I am not a math wizard, so please keep your response simple enough. I need to complete a statistics screening exam for a methods course later on today, and I am hung up on one topic that came up during the practice test. The data set I got was in reference to the number of homicides that have occurred in a number of cities. The range of this data is 0-5. When I am putting together confidence intervals and calculating out as much as two standard deviations from the mean I am getting low values that are negative. Obviously you cannot have a negative number of homicides. When calculating the confidence intervals out to two standard deviations from the mean should I present the low value at ZERO or should I actually present the negative number? For example, if a 95% CI caused the calculation to be -1.5 to 3, would I present that or would I present 0 to 3? Thanks.
It appears unlikely to me that the question would require you to calculate two standard deviations of the data out from the mean - especially given that your data are unlikely to be even symmetric, much less normally distributed (since they are discrete). I see no interesting question that could really be answered by this calculation.
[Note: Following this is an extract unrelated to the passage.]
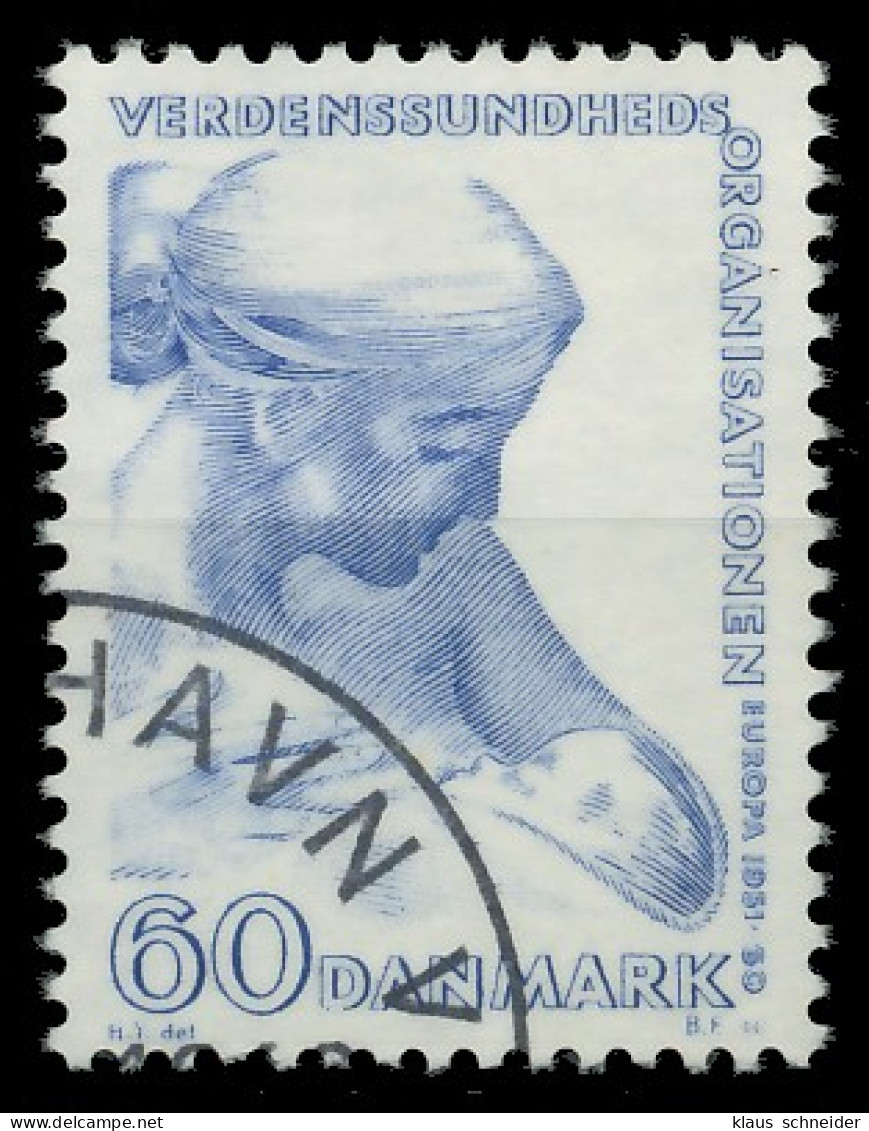 DÄNEMARK 1951-1960 Nr 385 Gestempelt X06AB0A - Used Stamps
It appears more likely that you are asked to give a confidence interval for the mean. This also involves calculating the standard deviations of the data, but then you calculate the standard error of the mean from this standard deviation by dividing by the square of the sample size and finally construct the confidence interval based on the standard error. This confidence interval is therefore much less likely to go beneath zero (and if it did, you should indeed truncate at zero). Note that the sampling distribution of the mean will be roughly normally distributed as sample size increases, which is why this interval actually answers an interesting question, namely where we expect the actual mean to lie.